L’on comprend que l’on n’ait rien voulu précipiter d’abord à l’égard du pouvoir central de l’Empire, que l’on ait cherché à le connaître par ses oeuvres; — mais aujourd’hui qu’il a déployé pas moins de sagesse que de force, aujourd’hui qu’il se trouve dans l’entente la plus cordiale avec les divers états d’Allemagne, dont il est le rempart, les doutes dont il aurait pu être l’objet à son origine sont levés de la manière la plus satisfaisante et les vrais amis de l’ordre ont les yeux dirigés sur Francfort comme sur un port de salut pour tous. Les partisans de l’anarchie, ceux de la République rouge, les communistes, les fauteurs du pillage et de l’assassinat sont les seuls en Allemagne qui osent insulter encore au pouvoir central de l’Empire et essayer de criminels attentats contre l’Assemblée. Dans leur aveuglement ils sont assez téméraires pour commenter les hésitations de la France, en faveur de menées coupables qu’elle a énergiquement répoussées dans son propre sein, ce dont l’Europe entière lui a su gré. C’est pourquoi, Monsieur le Ministre, je ne doute nullement qu’en ce moment surtout la France n’ait sincèrement à coeur de témoigner hautement qu’elle désire non moins pour l’Allemagne que pour elle-même, voir consolider le règne de l’ordre social et du droit, garantis par le pouvoir central de Francfort, et prouver en même temps aux plus obstinés que les coupables fauteurs d’anarchie en Europe n’ont rien à éspérer d’elle.

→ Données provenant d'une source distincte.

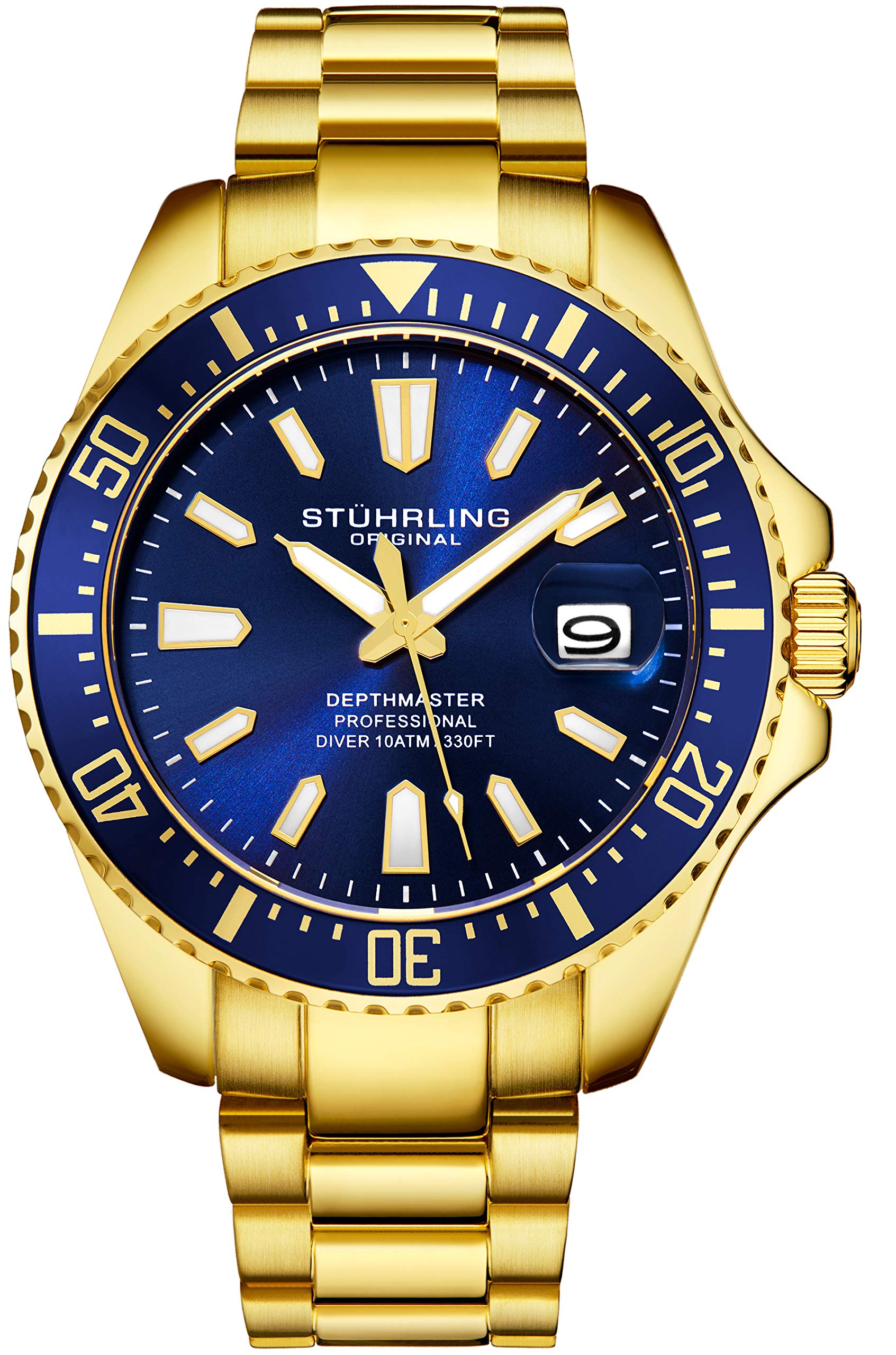 Stuhrling Original Men's Watches Dive Watch Black Dial 42MM Silver Stainless Steel Bracelet Water Resistant to 330 FT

Le Gouvernement français ne saurait vouloir opposer des considérations secondaires aux bienfaits qui doivent ressortir de l’amitié de deux grandes nations dont l’union seule peut sauver aujourd’hui l’Europe et la civilisation d’une ruine générale. — En partant d’un point de vue aussi élevé j’ose me flatter, Monsieur le Ministre, de vous voir revenir sans peine à la résolution que vous m’aviez exprimée d’abord. L’opinion publique généralement acquise à la modération qui jusqu’ici a fait la règle de votre politique extérieure vous sera par là également assurée en Allemagne et en établissant sans retards ultérieurs des rapports officiels entre la France et le pouvoir central de l’Empire, tels qu’ils conviennent à des nations voisines et amies, vous prêterez force à vous même, en secondant un pouvoir qui tend avec courage et à travers tant de difficultés aux mêmes fins de progrès et d’ordre que vous poursuivez en France.

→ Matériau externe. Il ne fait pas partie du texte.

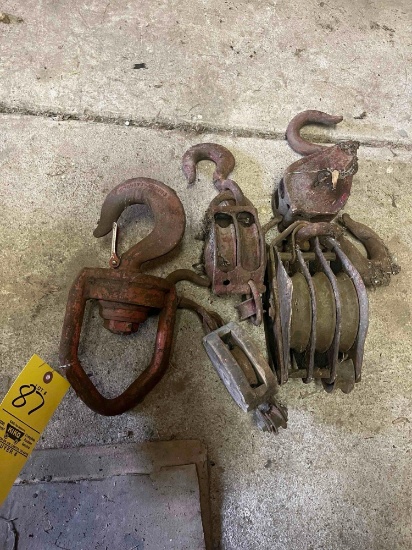 Assorted pulleys and hooks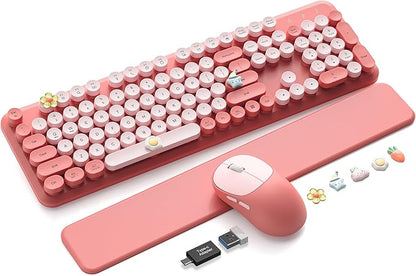 Wireless Keyboard and Mouse Combo, Typewriter Keyboard with Magnetic Wrist Rest, Full-Size Cute Round Keycaps, Sleep Mode, 2.4G Keyboards for Mac/Windows/PC, Office or Home, Trueque CK23Pro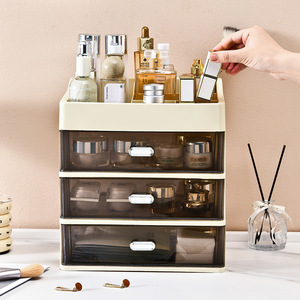 Caja organizadora de cosméticos de escritorio, estilo cajonera, gabinete multicapa para productos de cuidado de la piel y maquillaje, organizadores de plástico, más alta y grande - Product Image 3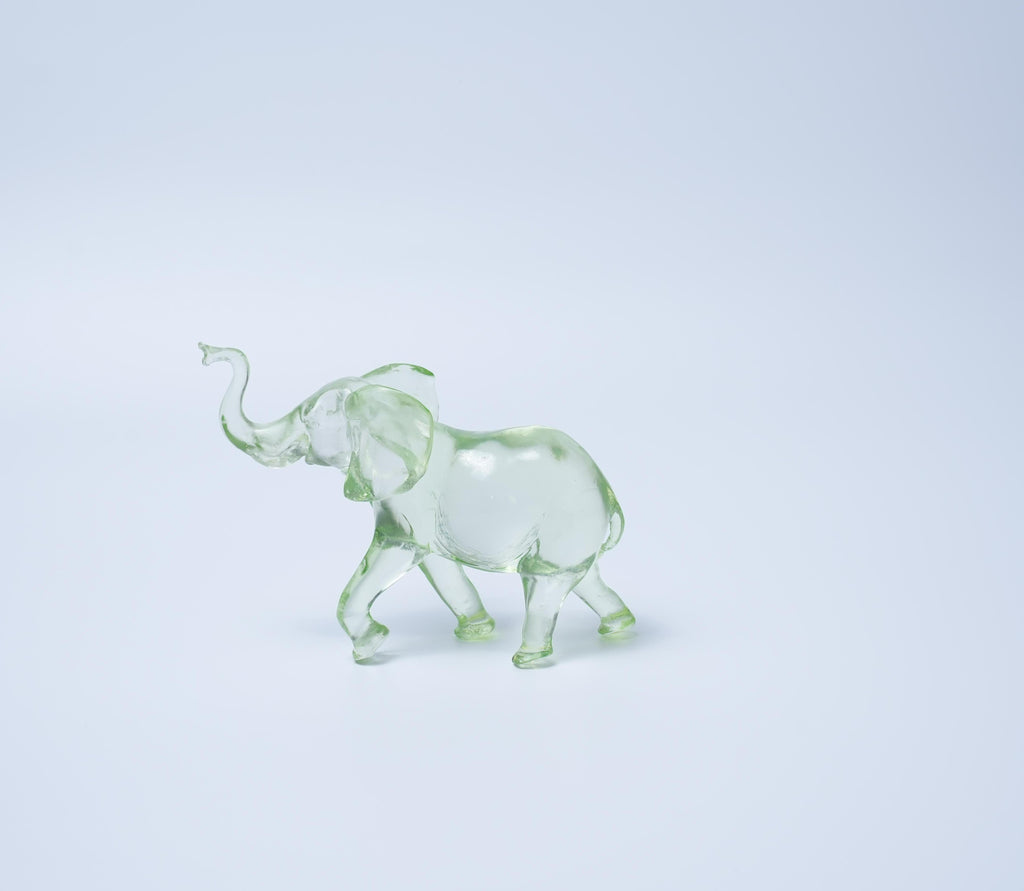 Green Resin Elephant Figurine Modern Home Décor Sculpture
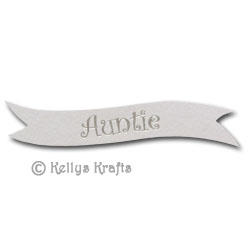 Die Cut Banner - Auntie, Silver on White (1 Piece) - Click Image to Close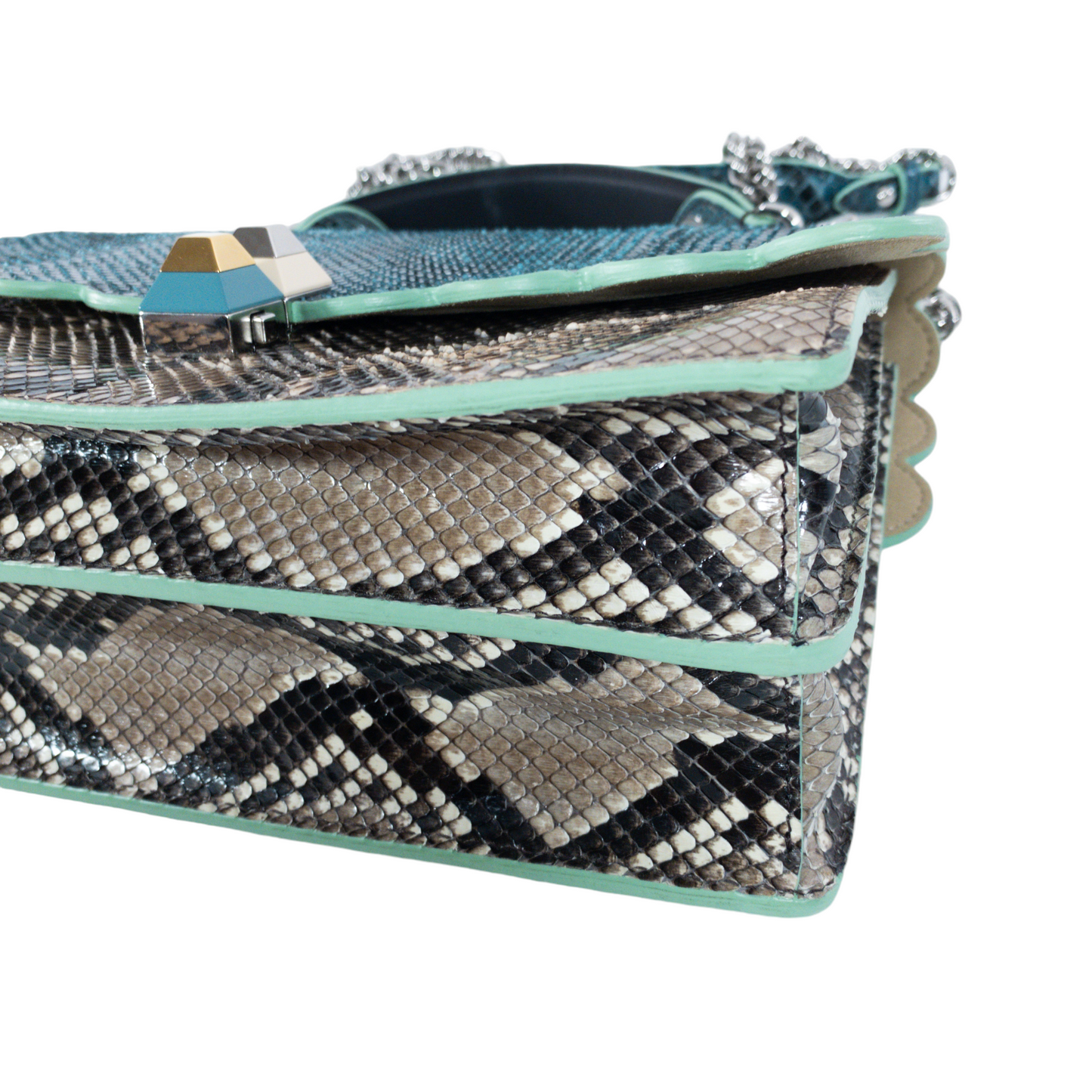 Fendi Python Scalloped Kan I Flap Bag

Je ne voudrais pas mêler une petite question d’amour-propre personnel à la question si élevée dont je suis l’organe, mais n’ayant reçu, Monsieur le Ministre, depuis deux mois que je suis ici aucune réponse vraiment satisfaisante aux diverses communications que j’ai en l’honneur de vous adresser, il m’est pénible de penser que l’on peut attribuer à Francfort et en Allemagne à l’insuffisance du négociateur les retards qu’a soufferts jusqu’ici l’objet de sa mission. Cette pensée me préoccupe d’autant plus vivement que j’ai la conviction intime que la France, suivant avec sagesse le développement irrésistible de l’histoire du monde, accordera bientôt à un successeur plus heureux que moi, ce quelle aurait refusé si longtemps à mes instances.

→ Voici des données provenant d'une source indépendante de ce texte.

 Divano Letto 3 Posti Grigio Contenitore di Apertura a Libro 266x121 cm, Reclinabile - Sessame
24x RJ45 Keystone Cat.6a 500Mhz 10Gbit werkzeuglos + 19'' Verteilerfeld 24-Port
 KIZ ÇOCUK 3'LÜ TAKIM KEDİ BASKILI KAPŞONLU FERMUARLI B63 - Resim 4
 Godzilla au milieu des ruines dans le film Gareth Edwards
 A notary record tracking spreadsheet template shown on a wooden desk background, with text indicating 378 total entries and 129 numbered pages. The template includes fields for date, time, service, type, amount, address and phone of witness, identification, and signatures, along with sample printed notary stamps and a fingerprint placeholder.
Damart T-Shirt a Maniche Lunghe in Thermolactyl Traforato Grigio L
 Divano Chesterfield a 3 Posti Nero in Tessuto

Je serai heureux si pour prix de mes efforts je parvenais à consolider de plus en plus les bons rapports existants entre mon pays et la France, en ayant égard de part et d’autre aux voeux et aux espérances de deux grands peuples pour le libre développement de leurs nationalités.

Veuillez agréer, Monsieur le Ministre, la nouvelle assurance de ma haute considération etc.